WordFreq.py

"""
Python Code to find out most frequent words from famous GRE lists

WordLists ( Courtesy: www.quizlet.com )
1. Barrons 1100 Words
2. Magoosh 1000 Words
3. Majortest Essential 1500 Words
4. Princeton 500 Words
5. Kaplan 500 Words
6. Manhattan Basic+Essential 1000 Words

Above words are stored in different text files along with definations. These text files are combined, parsed and word frequecy is calculated.
Word along with Frequenices is stored in output text file 'output.txt'
"""
from collections import defaultdict, Counter
import json

# Function to calculate word Frequency and store it into Dictionary
def wordListToFreqDict(wordlist):
    wordfreq = [wordlist.count(p) for p in wordlist]
    return dict(zip(wordlist,wordfreq))

# Combine all wordslist text files into one and convert to lowercase.
filenames = ['WordLists/Kaplan.txt','WordLists/Magoosh.txt','WordLists/Manhattan.txt','WordLists/Barrons.txt','WordLists/Princeton.txt','WordLists/Majortest.txt']
with open('CombinedAllWords.txt', 'w') as outfile:
    for fname in filenames:
        with open(fname, encoding="ISO-8859-1") as infile:
            for line in infile:
                line = line.lower()
                outfile.write(line)

# Open combined wordlist, remove definations and format words
with open("CombinedAllWords.txt") as f:
    items = f.readlines()
    combined_vocab = items
    combined_vocab = list(map(lambda items: items.strip(), combined_vocab))
    for i, w in enumerate(combined_vocab):
        combined_vocab[i]=w.split(":", 1)[0]

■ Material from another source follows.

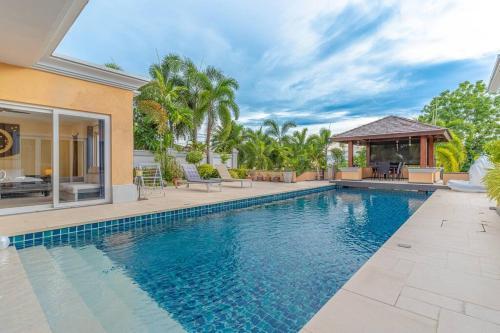 Pattaya Luxury 4BR Pool Villa-BBQ, Karaoke & Pool Table for Families & Group of Travellers Room Type - Villa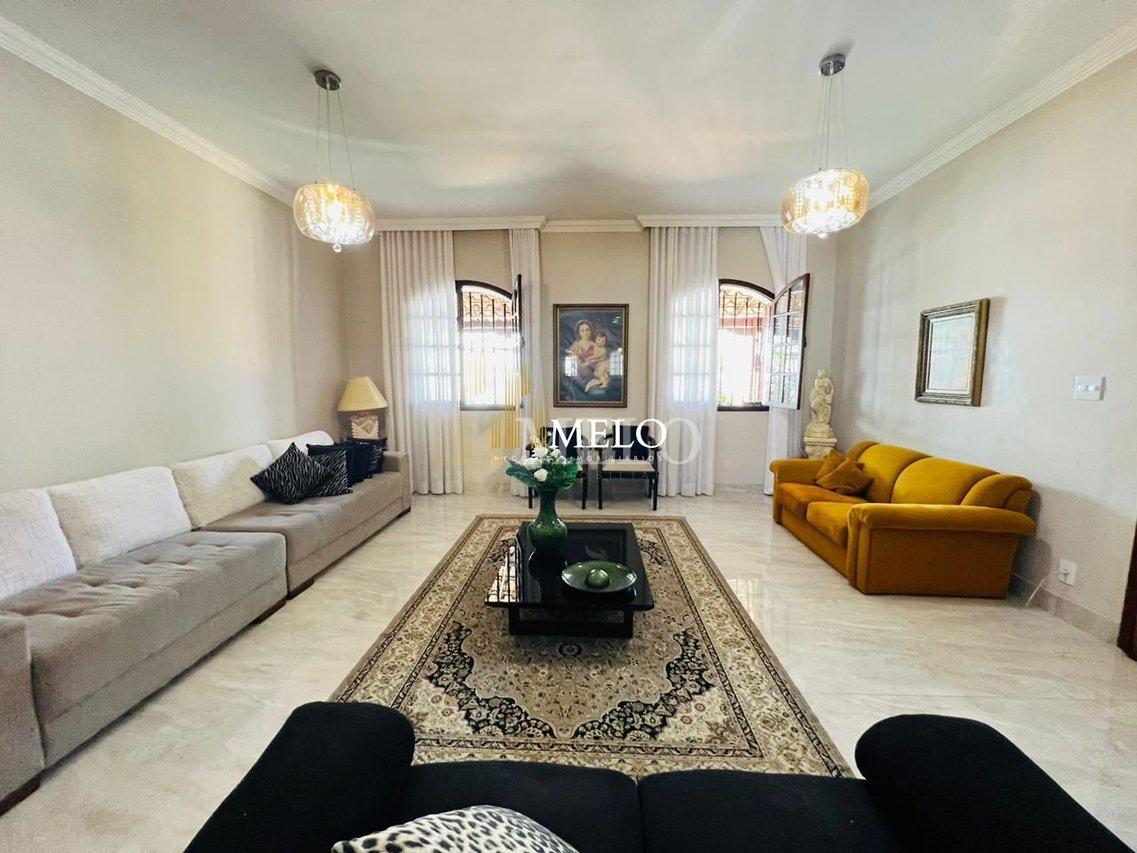Belíssima casa 04 quartos a venda no Santa Amélia por R$ 1.300.000,00 - Belo Horizonte -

# my custom code to create a super dictionary
combined_map = defaultdict(list)
with open("CombinedAllWords.txt") as f:
    for line in f:
        line = line.strip()
        splitted =  line.split(':')
        if len(splitted) > 1:
            word, meaning = splitted[0], splitted[1]
            combined_map[word].append(meaning)

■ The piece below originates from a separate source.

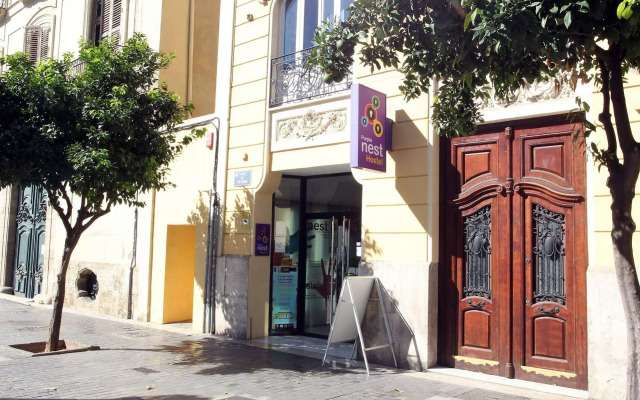 Purple Nest Hostel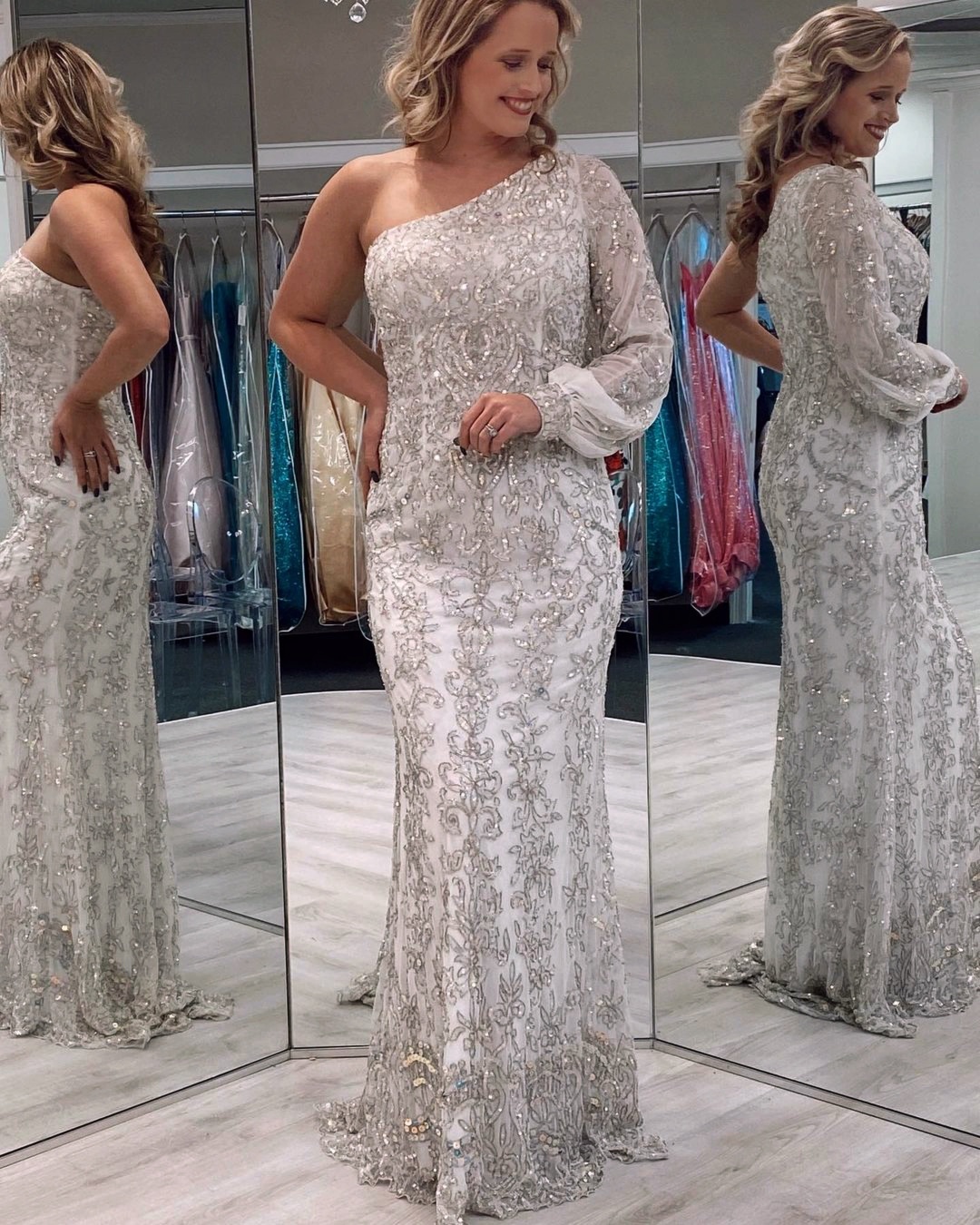 Вечернее платье SHERRI HILL белый, серебристый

#Open file and write sorted dictionary values into text file one by one in decreasing order
with open("output/words.txt","w") as f:
# for key, value in sorted(wordListToFreqDict(t).items(), key=lambda k,v: (v,k), reverse =True):
    for key, value in sorted(wordListToFreqDict(combined_vocab).items(), key=lambda x: (x[1], x[0]), reverse =True):
        # l.write(" \n%s: %s" % (key, value))
        word = key
        freq = value
        meaning = combined_map[word]
        f.write("{}[{}]: {}\n".format(key, value, meaning))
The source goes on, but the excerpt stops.